**EXERCISE OBJECTIVE**
Please give back exactly the line with "Enter the store" and each line after it through the end of the material, leaving out the pictures.

**EXERCISE MATERIAL**

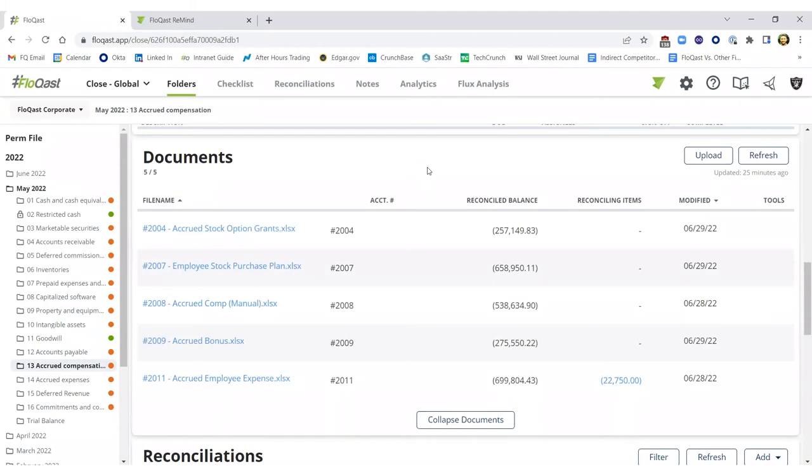Our philosophy has been to continue allowing accountants to use native Excel for reconciliation purposes. We not only provide an integration directly to Excel and OneDrive, but we also have a way to automatically complete those reconciliations in our system.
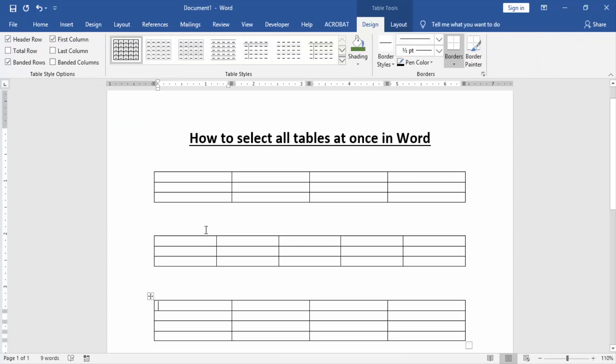Now we can see here three tables we created. Now we select three tables at once. Press Ctrl+A on your keyboard.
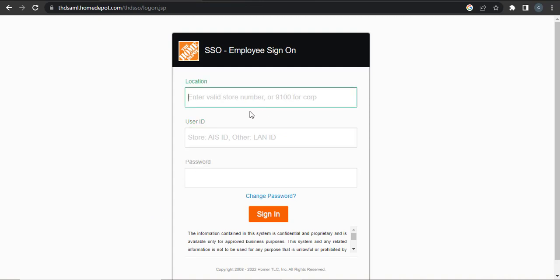Enter the store number that has been given to you. Next, you'll need to enter your user ID, which could be your AIS ID or your LAN ID. Enter any of your IDs, and then the last option is to enter your password.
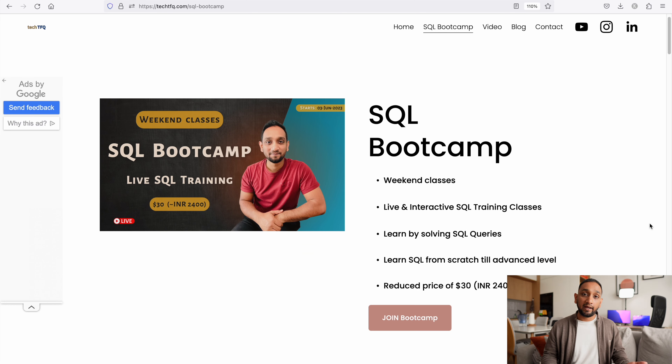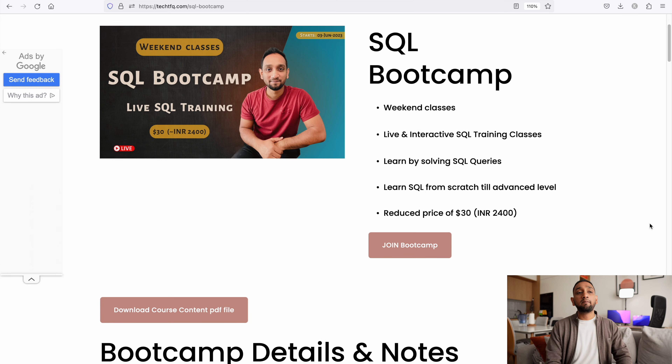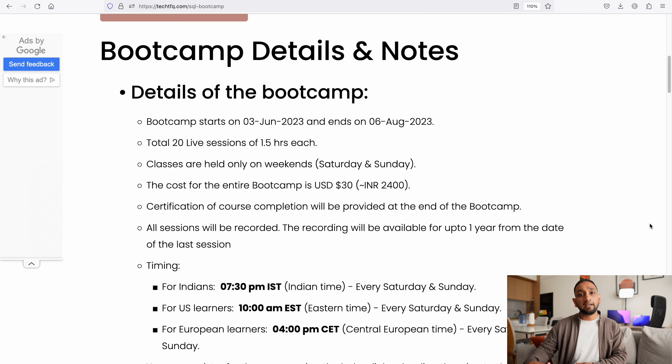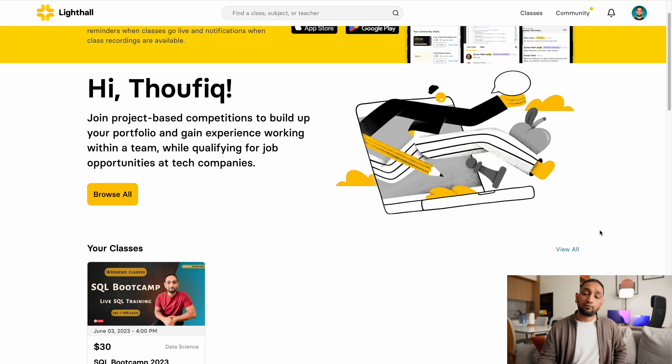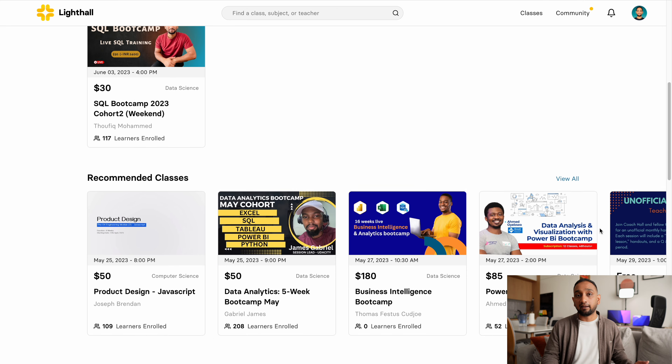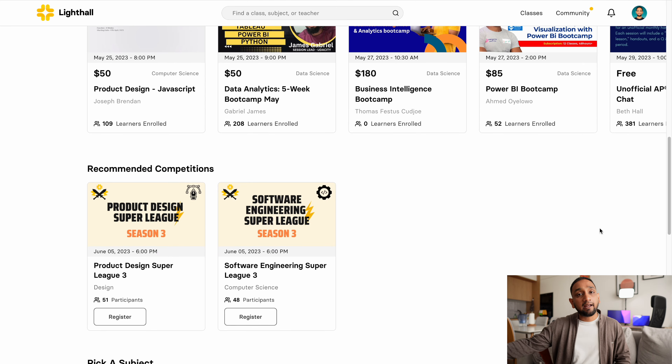If you're interested in learning SQL from my SQL bootcamp, all the details are present on my website and also on Lighthall, the platform I use to teach live bootcamp classes. All the details are also present in the description, but let me give you a quick summary of what my bootcamp is.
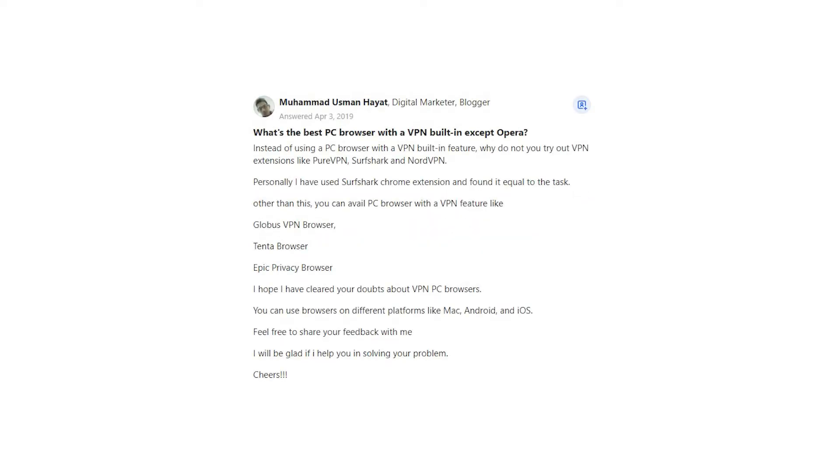Mohamed Usman Hayat says, What's the best PC browser with a VPN built-in except Opera? Instead of using a PC browser with a VPN built-in feature, why don't you try VPN extensions like PureVPN, Surfshark, and NordVPN?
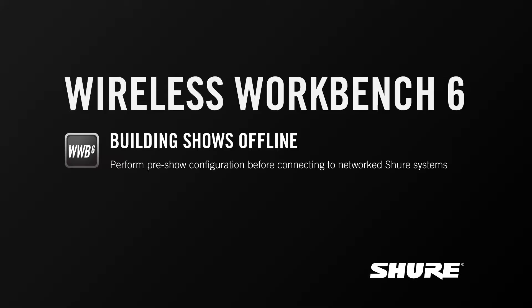Hey this is Sam from Shure. In this video tutorial I'll talk about building shows offline or configuring an inventory of devices when there aren't any network devices connected to your network.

**TASK RESPONSE**
Enter the store number that has been given to you. Next, you'll need to enter your user ID, which could be your AIS ID or your LAN ID. Enter any of your IDs, and then the last option is to enter your password.
If you're interested in learning SQL from my SQL bootcamp, all the details are present on my website and also on Lighthall, the platform I use to teach live bootcamp classes. All the details are also present in the description, but let me give you a quick summary of what my bootcamp is.
Mohamed Usman Hayat says, What's the best PC browser with a VPN built-in except Opera? Instead of using a PC browser with a VPN built-in feature, why don't you try VPN extensions like PureVPN, Surfshark, and NordVPN?
Hey this is Sam from Shure. In this video tutorial I'll talk about building shows offline or configuring an inventory of devices when there aren't any network devices connected to your network.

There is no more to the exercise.